Understanding the natural course of reinfection and reactivation is pivotal for developing control strategies for COVID-19. We therefore used high-throughput sequencing of samples from four putative cases of COVID-19 reinfection from a database composed of more than 30,000 tests from a region of southern Brazil between March and November 2020, before the beginning of the national vaccination campaign. These genome sequences were analyzed to identify the mutational patterns of the viruses from the first and second infections and reconstruct their evolutionary history.
Materials and methods
The Clinical Epidemiology Laboratory (Epiclin) is located at the Federal University of Health Sciences of Porto Alegre (UFCSPA) and funded by Associação Hospitalar Moinhos de Vento (AHMV). The Institutional Review Board of Moinhos de Vento Hospital approved this study under protocol number 32149620.9.0000.5330, following procedures from national guidelines for ethics committees. In the Epiclin, 31,973 tests for SARS-CoV-2 were carried out between April and December 2020. Naso- and oropharynx swab samples were obtained from four regions belonging to the Northeast and Metropolitan mesoregions of Rio Grande do Sul, southern Brazil. We identified (by name and date of birth) four symptomatic patients who had experienced at least two distinct episodes of COVID-19 with an interval of at least 45 days and tested positive based on amplification of the three viral genes that are targeted by the AllplexTM SARS-CoV-2 Assay (Seegene, South Korea) (Supplementary Fig. S1).
Sequencing libraries were constructed using a QIAseq SARS-CoV-2 Kit (QIAGEN, Hilden, Germany). Sequencing was performed using an Illumina Miseq instrument and a MiSeq Reagent Kit v3 (600 cycles) (Illumina, USA) as described by Sant'Anna et al. [9].
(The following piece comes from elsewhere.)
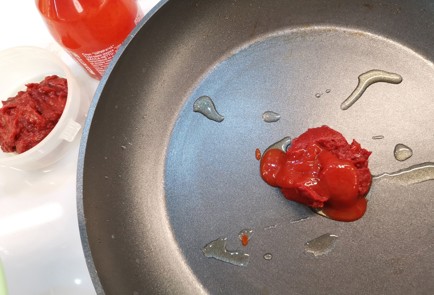 Фото шага рецепта Паста с рикоттой и томатами 186559 шаг 4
A variant-calling pipeline, available at https://github.com/fhsantanna/variant_calling_pipeline, was built using the Snakemake scheme. Reads were preprocessed using Fastp version 0.23.2, performing quality trimming and removing sequencing adapters. Subsequently, preprocessed reads were mapped to the SARS-CoV-2 archetype genome (MN908947) using BWA version 0.7.17-r1188. Next, optical duplicates were removed using MarkDuplicates from GATK package version 4.2.0.0. Deduplicated reads were then trimmed for ARTIC primers using Ivar version 1.3.1. Trimmed reads were assembled using Samtools version 1.15, and variants were called using Ivar with a minimum read depth of 5. Variants were filtered using Ivar with default parameters. Finally, consensus sequences were generated using Ivar, with a minimum read depth of 5. Consensus sequences were evaluated using the COVID-19 genome annotator (http://giorgilab.unibo.it/coronannotator/). Mutations that were not found in the variant-calling step were removed manually from the consensus sequence.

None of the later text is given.